Annexe I.F - Accord du 1er juillet 2024 relatif à l'accompagnement des salariés aidants

En vigueur depuis le 01/08/2025En vigueur depuis le 01 août 2025

Article

En vigueur

Les aidants en France sont estimés à 11 millions, soit un Français sur six, dont deux tiers sont des femmes.

Les aidants représentent par ailleurs aujourd'hui 15 % de la population active, chiffre qui pourrait atteindre 25 % d'ici 2030. Par ailleurs, un aidant sur six dédie plus de 20 h par semaine à l'aidance, et l'âge moyen d'entrée dans l'aidance est de 39 ans (1).

Tout salarié peut, un jour, devenir aidant familial ou proche aidant, parfois très soudainement, et cette situation a un impact sur son travail et le cas échéant sur sa propre santé (épuisement, manque de soutien, surcharge émotionnelle). Ces salariés sont alors souvent confrontés à des difficultés, parfois quotidiennes, lorsqu'ils accompagnent un proche malade, en situation de handicap ou en situation de dépendance liée à une perte d'autonomie.

De fait, la conscientisation des entreprises à la nécessité d'intégrer cette dimension croissante de l'aidance à la fois dans les parcours professionnels et la bonne marche des entreprises, constitue un nouvel enjeu pour elles, et participe pleinement d'une démarche de responsabilité sociétale (RSE).

Les récentes études menées au niveau national ont également mis en exergue les principales difficultés des aidants :
– des difficultés à s'identifier comme aidant pour solliciter de l'aide ;
– une méconnaissance des dispositifs d'aides existants ;
– une multiplicité d'intervenants et le besoin d'être guidé vers le bon interlocuteur.

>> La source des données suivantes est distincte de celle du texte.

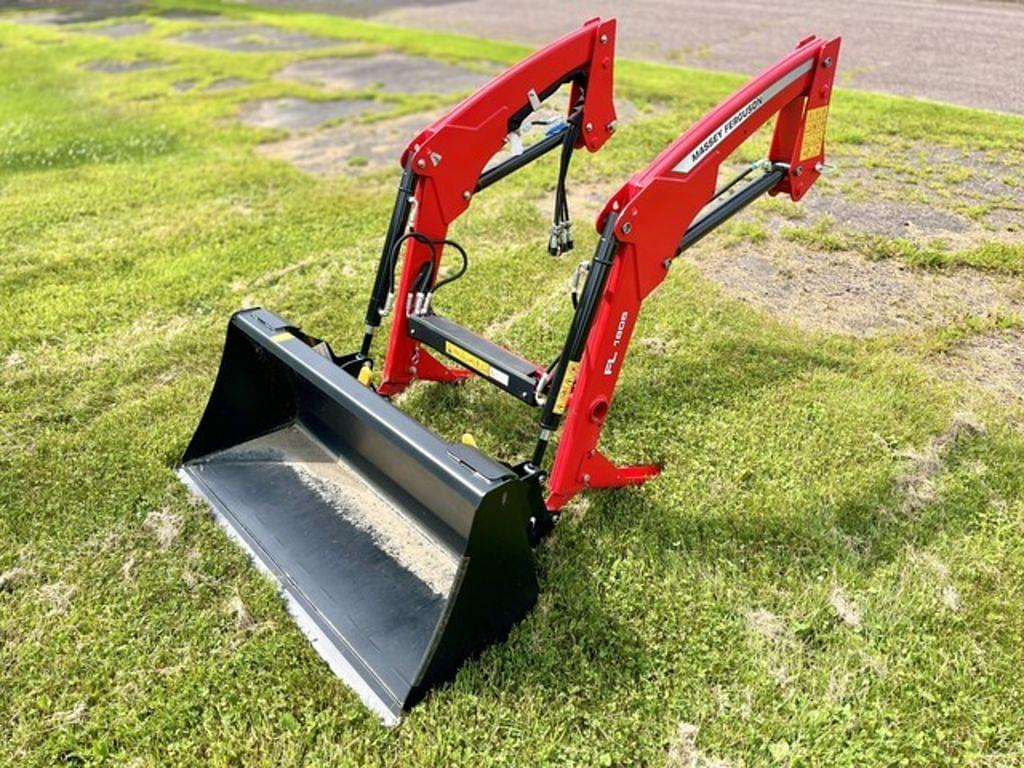 Image of Massey Ferguson FL1805 Primary image
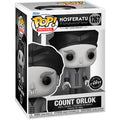 Funko Figura POP Nosferatu 100th Nosferatu chase
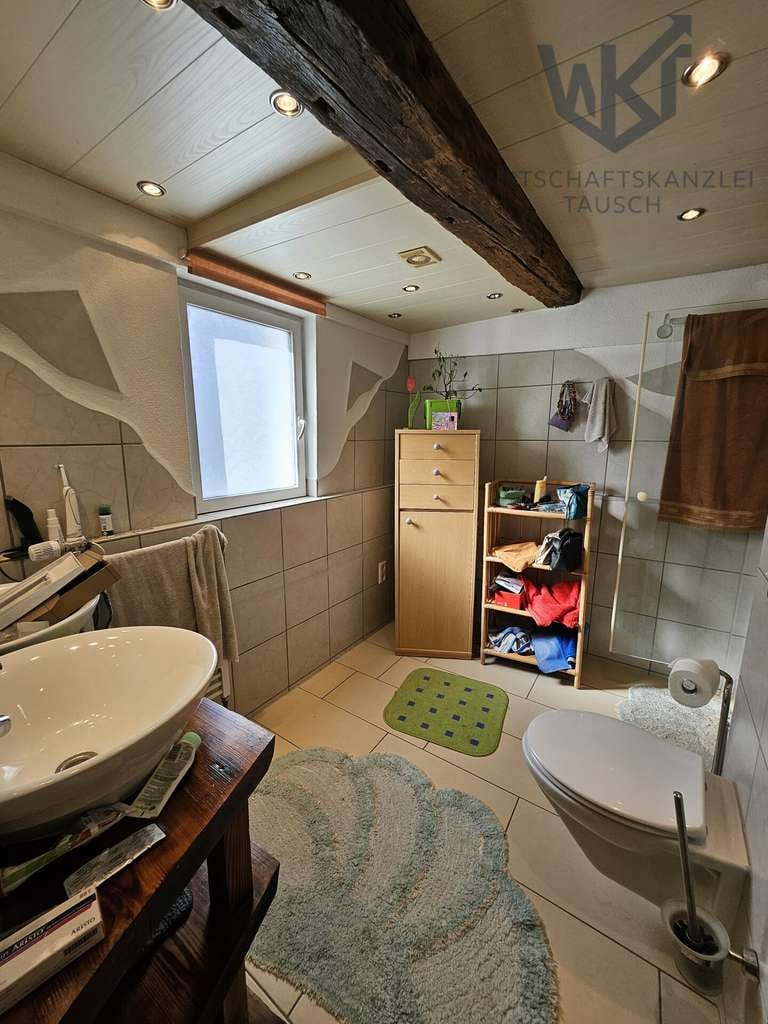 Immobilie in Ammerbuch - Charmantes Einfamilienhaus in ruhiger Lage - Bild 2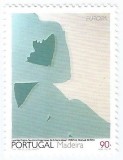 |Portugalia, Madeira, Europa CEPT, 1993, MNH, Nestampilat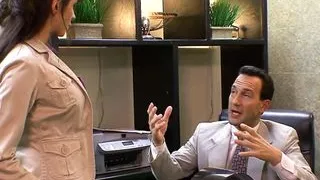 Shawna Lenee Dances With The Pornstar Ariella Ferrara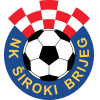 NK Široki Brijeg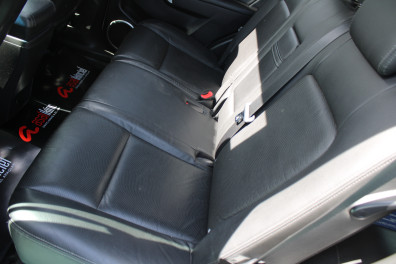 Chevrolet Captiva 2.0D LTZ  2013 Model Otomatik Vites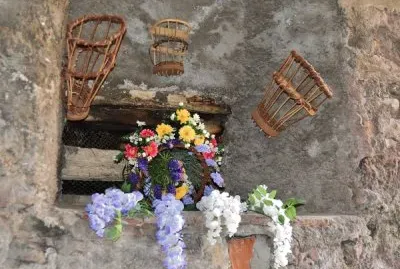 פאזל של Porlezza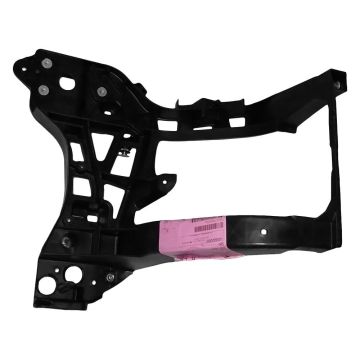 Radiator Support Left Side Support/Headlamp Mounting Panel for Ram 1500 3500 2500 1500 Classic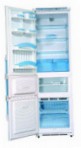 NORD 184-7-730 Fridge refrigerator with freezer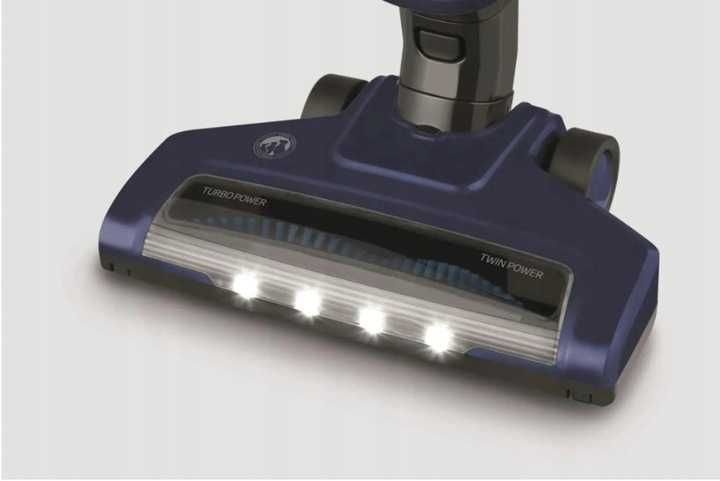 Odkurzacz Pionowy Bezworkowy BEKO 3w1 z Wyciąganym Ręcznym Odkurzaczem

Face à ce constat, les partenaires sociaux reconnaissent l'importance d'une négociation collective portant sur l'accompagnement des proches aidants, à la fois pour des raisons sociétales (vieillissement de la population, croissance des situations d'aidance) et sanitaires (fatigue des salariés aidants, manque de ressources et de soutien). Ils soulignent à cet égard l'importance de la complémentarité des acteurs du dialogue social pour mener ces négociations : d'une part, la branche dont le rôle est de cadrer et donner l'impulsion ; d'autre part, les négociations d'entreprise ayant pour vocation de déployer le cadre fourni par la branche, selon les moyens et spécificités de chacune (2).

En conséquence, dans une démarche visant à permettre à tout salarié de l'industrie cimentière de bénéficier de solutions adaptées à ses besoins tout en conciliant sa situation d'aidant et sa vie professionnelle, dans le souci de son bien-être personnel et de l'intérêt des entreprises de la branche de l'industrie cimentière, les parties signataires conviennent, en vertu de l'article L. 2241-1,2° bis du code du travail, des dispositions du présent accord ayant pour objet de donner un cadre aux mesures suivantes destinées à être déployées en entreprise :
– la reconnaissance des salariés aidants et de leurs besoins, par leur identification, des actions d'information et de sensibilisation, des dispositifs d'aide et de conseil ;
– la conciliation des temps de vie des salariés aidants, par des mesures favorisant l'organisation du travail et la prise de congés ; à ce titre, le présent accord prévoit une révision d'un article de la convention collective nationale de la branche de l'industrie de la fabrication des ciments (3) (ci-après désignée « la CCN ») en améliorant les récentes dispositions législatives visant à renforcer la protection des familles d'enfants atteints d'une maladie ou d'un handicap (4) ;
– l'accompagnement des salariés aidants, par des mesures financières, une préservation de leur santé, et la valorisation de leurs compétences.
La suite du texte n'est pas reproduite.